British film production company

Clearwater Features Ltd. was a British film production company (based first in Battersea, then at Shepperton Studios) that produced the first two series of the children's television series Thomas the Tank Engine & Friends from 1984 to 1986. It is also known for creating the short-lived children's TV series Tugs.

==History==
The company was founded in 1979 by Gerry Anderson alumni Ken Turner and David Mitton, and produced television commercials as well as miniature effects for films and TV shows. Turner left the company in 1979, to be replaced by American-born director and producer Robert D. Cardona.

The production logo of Clearwater Features was a pink Buick Y-Job car parked at a film studio with palm trees, based on Clearwater, Florida, and it appeared on the ending of half the stories of Thomas the Tank Engine & Friends from series 1 and 2 (the other half ending with a nameboard gallery). It also appeared on a flag of a barge in the Tugs episode "4th of July".

The company shut down on the last day of 1990 because of Tugs conclusion. When the studio was closed down, Mitton became part of The Britt Allcroft Company and Cardona went off to live in Canada.
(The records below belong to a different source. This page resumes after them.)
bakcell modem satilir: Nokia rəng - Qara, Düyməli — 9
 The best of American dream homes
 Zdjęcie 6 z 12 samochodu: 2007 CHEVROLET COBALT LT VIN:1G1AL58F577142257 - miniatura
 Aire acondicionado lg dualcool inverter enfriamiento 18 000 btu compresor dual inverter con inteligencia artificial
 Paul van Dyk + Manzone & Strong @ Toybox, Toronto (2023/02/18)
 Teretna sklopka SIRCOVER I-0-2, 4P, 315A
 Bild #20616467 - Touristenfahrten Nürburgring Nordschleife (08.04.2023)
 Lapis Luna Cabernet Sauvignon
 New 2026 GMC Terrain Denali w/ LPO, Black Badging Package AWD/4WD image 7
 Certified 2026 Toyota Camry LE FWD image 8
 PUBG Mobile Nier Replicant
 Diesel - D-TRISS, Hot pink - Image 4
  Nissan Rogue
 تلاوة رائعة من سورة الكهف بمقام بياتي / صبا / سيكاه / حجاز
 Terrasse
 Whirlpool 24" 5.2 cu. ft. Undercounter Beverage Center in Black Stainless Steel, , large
Thomas the Tank Engine & Friends remained in production by The Britt Allcroft Company (later Gullane Entertainment) from 1984 until 2003, when HIT Entertainment took over.

==Key people==
- Ken Turner, David Mitton – co-founders
- Robert D. Cardona – co-CEO (1979–1990)
- Mike O'Donnell, Junior Campbell – composers

===TV series produced===
- Thomas the Tank Engine & Friends (1984–1986) – created by Wilbert Awdry and developed by Britt Allcroft
- Tugs (1989) – created by David Mitton and Robert D. Cardona

==Periscope lens system==
The Clearwater Periscope lens system was a type of TV camera developed in 1983 by Clearwater Features for use on the children's television series Thomas the Tank Engine & Friends and Tugs. The cameras were used together with live-action model animation, to produce the image of character movements at eye level. Only two of these camera systems were ever made. The system used for TUGS was later shipped off to Canada and modified for the filming of Theodore Tugboat.